• _EXERCISE AIM_
Copy without pictures. Please restate each line of the listing exactly.

☆ ☆ ☆

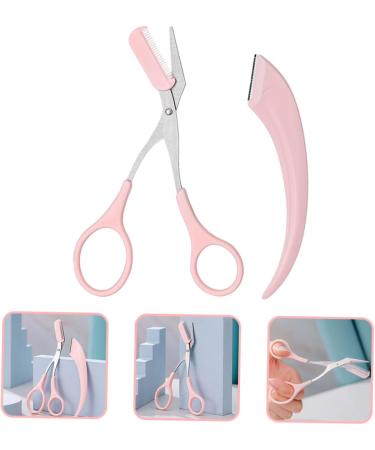 NOLITOY Crescent Moon Eyebrow Trimmer Set 3 Stainless Steel Face Razors for Women & Men | Eyebrow Shaping Tool Kit in Pink - Perfect for Precise Eyebrow Grooming - Buy Online on GoSupps.com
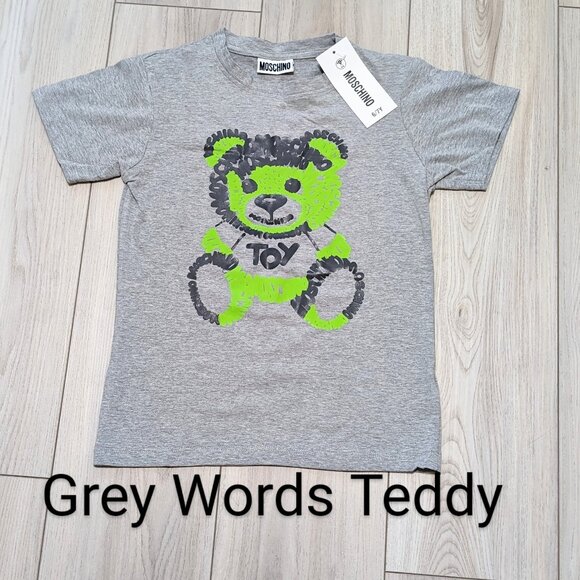 NWT Moschino T-Shirts Unisex Sizes 6Y to 7Y GREY WORDS TEDDY PRINT - Picture 1 of 1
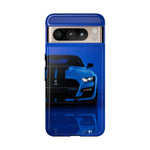 Blue Mustang Art Phone Case, GT500 American Muscle Car Tough Cover for Men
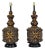 1970s Large Mid Century Bronze Color Brown Gold and Black Brutalist Lamps - a Pair For Sale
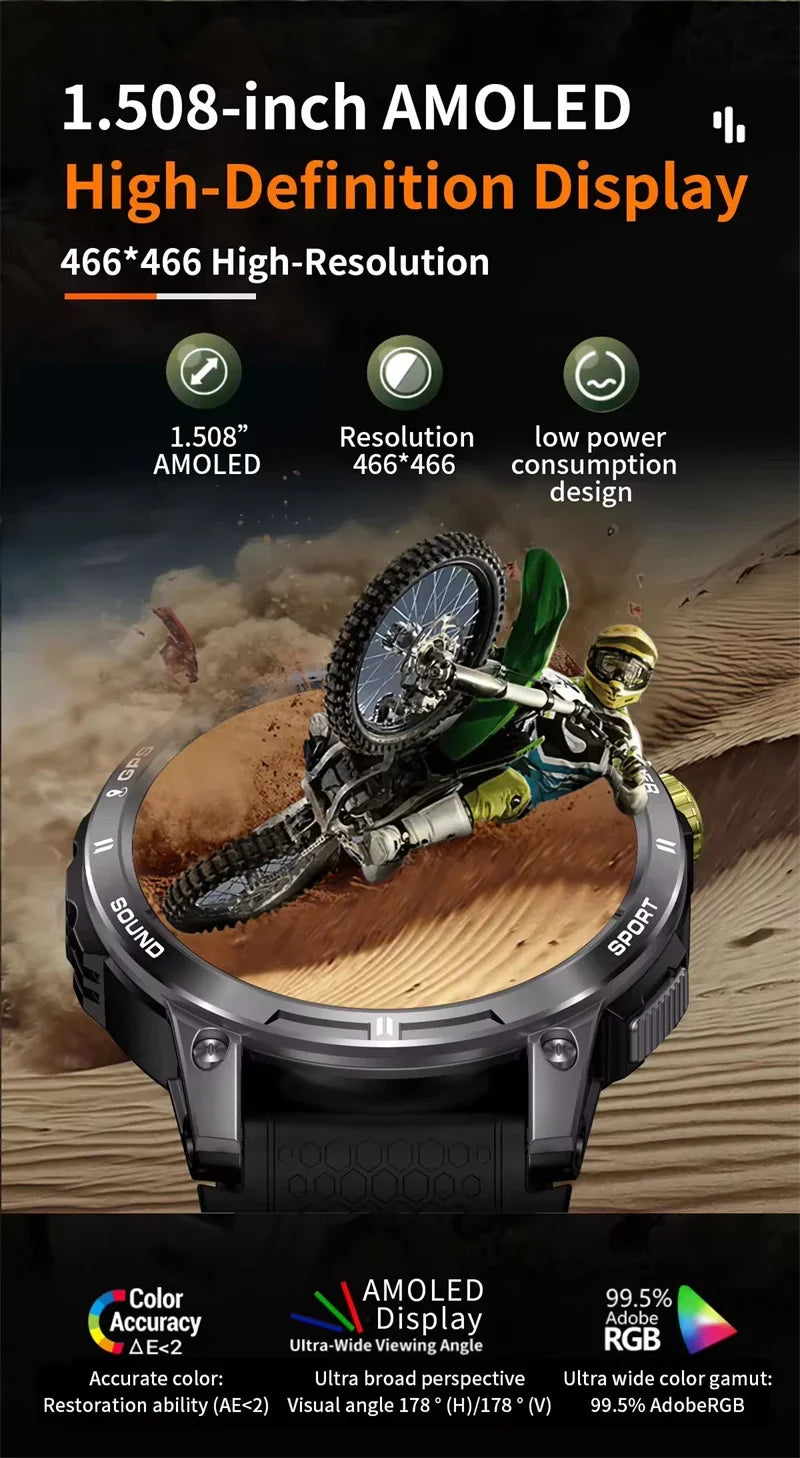 Gaines NX18 Pro Smart Watch Amoled Screen Men Outdoor GPS Sports Tracke Compass Bluetooth Call 400mAh Long Standby Smartwatch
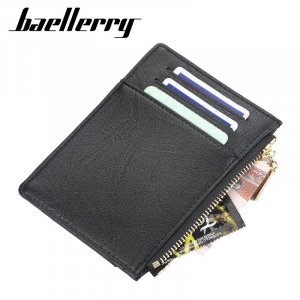 Мужской кожаный кошелек для карт в деловом коротком стиле на молнии Ультратонкий кошелек-кошелек Baellerry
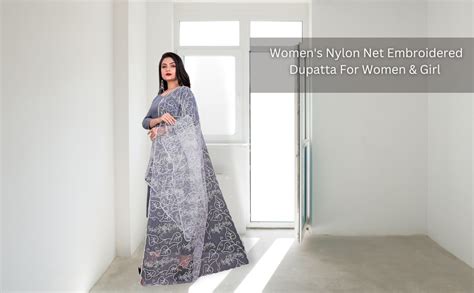 Buy Akshar Llc Women S Naylon Net Embroidered Dupatta For Women Girl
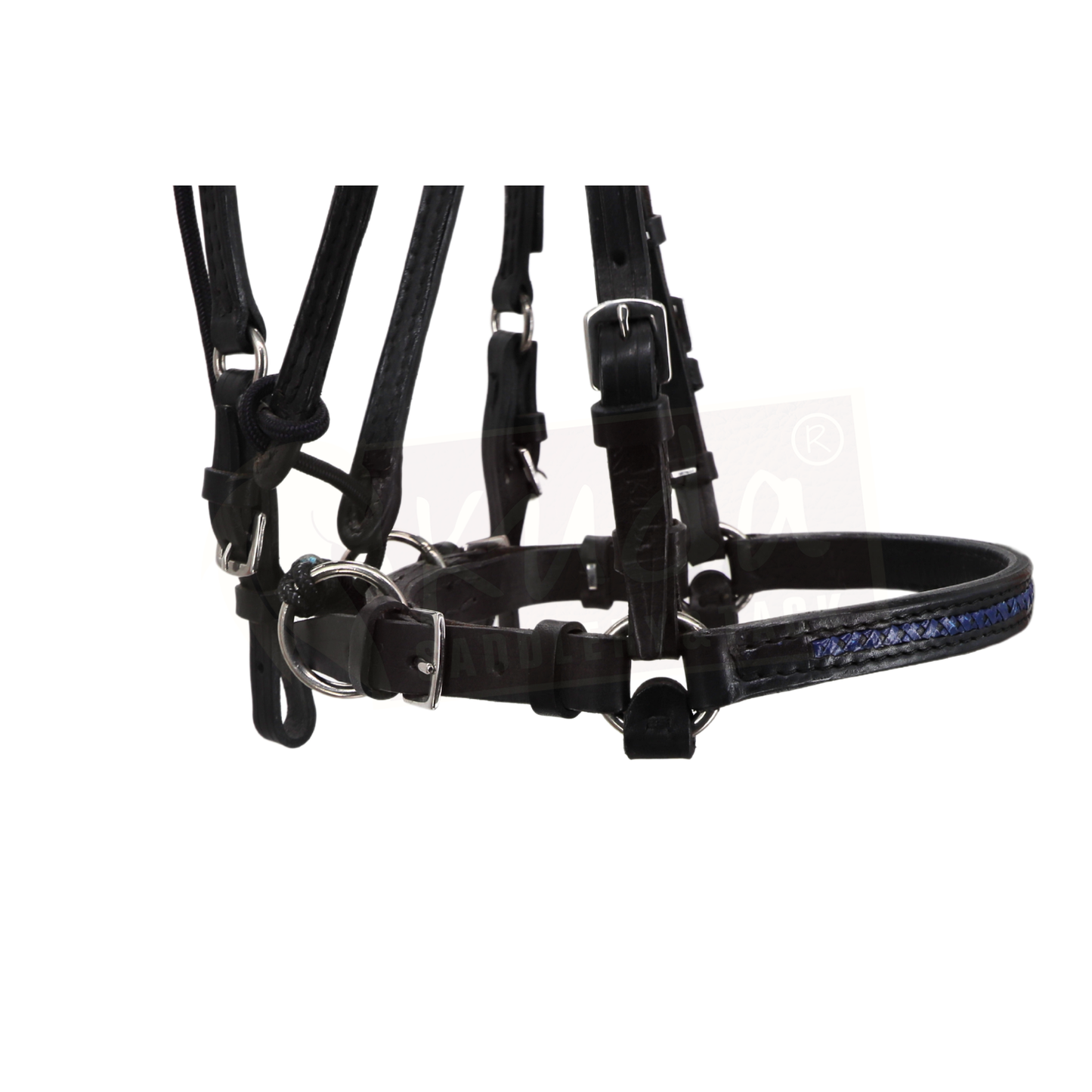 Black Leather Bridle with Braided blue Accents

☆ ☆ ☆

• _SOLUTION TO THE EXERCISE_
 NOLITOY Crescent Moon Eyebrow Trimmer Set 3 Stainless Steel Face Razors for Women & Men | Eyebrow Shaping Tool Kit in Pink - Perfect for Precise Eyebrow Grooming - Buy Online on GoSupps.com
 NWT Moschino T-Shirts Unisex Sizes 6Y to 7Y GREY WORDS TEDDY PRINT - Picture 1 of 1
 Blue Mustang Art Phone Case, GT500 American Muscle Car Tough Cover for Men
 1970s Large Mid Century Bronze Color Brown Gold and Black Brutalist Lamps - a Pair For Sale
 Gaines NX18 Pro Smart Watch Amoled Screen Men Outdoor GPS Sports Tracke Compass Bluetooth Call 400mAh Long Standby Smartwatch
 Мужской кожаный кошелек для карт в деловом коротком стиле на молнии Ультратонкий кошелек-кошелек Baellerry
 Buy Akshar Llc Women S Naylon Net Embroidered Dupatta For Women Girl
 Black Leather Bridle with Braided blue Accents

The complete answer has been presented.